Le Président de la République démocratique du Congo Félix-Antoine Tshisekedi a appelé, le jeudi 06 novembre à Belém au Brésil, à un décaissement urgent de 300 milliards de dollars par an pour le financement climatique mondial.

Il s’exprimait lors de la 30ᵉ Conférence des Parties sur le changement climatique (COP30), en présence de plusieurs chefs d’État, experts et représentants d’organisations internationales.

Dans son allocution, le chef de l’État congolais a insisté sur la nécessité de passer des promesses à l’action, rappelant les engagements pris lors de la précédente conférence de Bakou.

« Nous devons agir. Je recommande l’application effective des engagements pris à Bakou, en l’occurrence le décaissement de 300 milliards de dollars par an.
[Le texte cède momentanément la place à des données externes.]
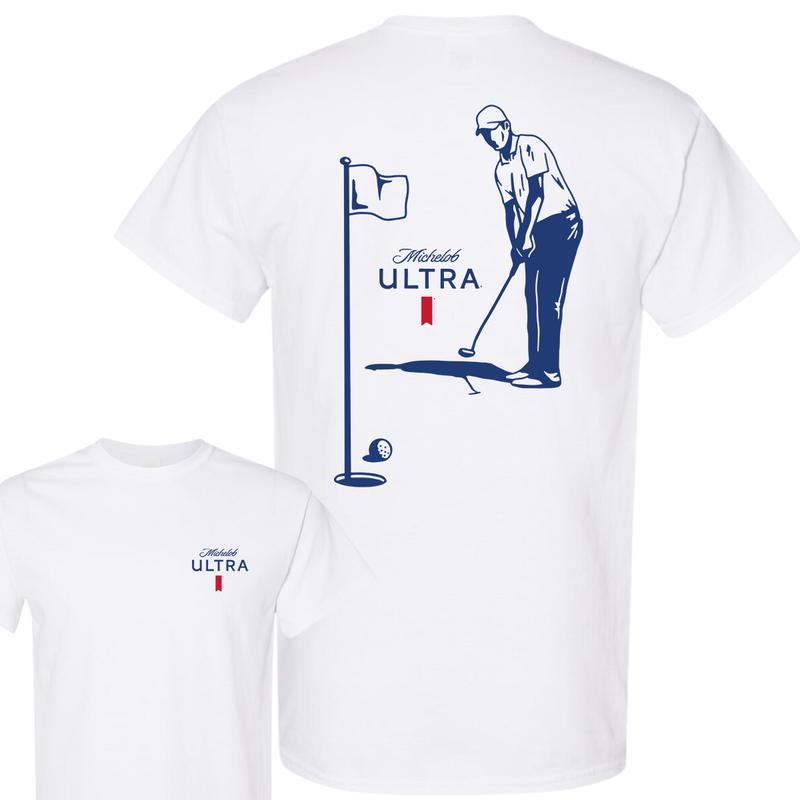 Michelob Ultra Golfing T-Shirt, 2 Side T-Shirt, Youthful & Vibrant, Every Size AvailableVariant, For Men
Je formule vivement le vœu que la COP30, ici à Belém, marque un départ dans notre volonté commune de léguer aux générations futures une planète où il fera beau vivre », a déclaré Félix Tshisekedi.

Le Président congolais a également profité de la tribune mondiale pour attirer l’attention de la communauté internationale sur la situation environnementale dramatique que traverse son pays, en raison du conflit imposé à l’Est par le Rwanda.

Il a qualifié cette situation de « guerre écologique », dénonçant les ravages causés sur les forêts, les parcs nationaux et les aires protégées du pays.

« Mon pays est aussi victime d’une guerre écologique, en ce qu’elle détruit nos forêts, nos aires protégées, nos parcs, etc. », a-t-il affirmé, soulignant que ces destructions constituent un « écocide profond » qui compromet le rôle vital de la RDC dans la régulation du climat mondial.

Félix Tshisekedi a salué l’initiative des États insulaires du Pacifique notamment le Vanuatu, les Fidji et les Samoa visant à reconnaître l’écocide comme un crime international autonome, estimant qu’une telle reconnaissance serait un pas décisif vers la protection juridique de l’environnement planétaire.

« Détruire délibérément une forêt primaire, une tourbière millénaire ou une aire protégée essentielle au stockage du carbone revient à compromettre l’avenir de l’humanité », a-t-il averti, appelant les pays développés à honorer leurs engagements financiers et moraux envers les nations porteuses d’écosystèmes cruciaux, comme la RDC.

La République démocratique du Congo, considérée comme pays-solution grâce à ses immenses forêts et à ses tourbières, a une nouvelle fois réaffirmé sa volonté de concilier développement économique et préservation écologique, mais appelle à une solidarité internationale réelle pour y parvenir.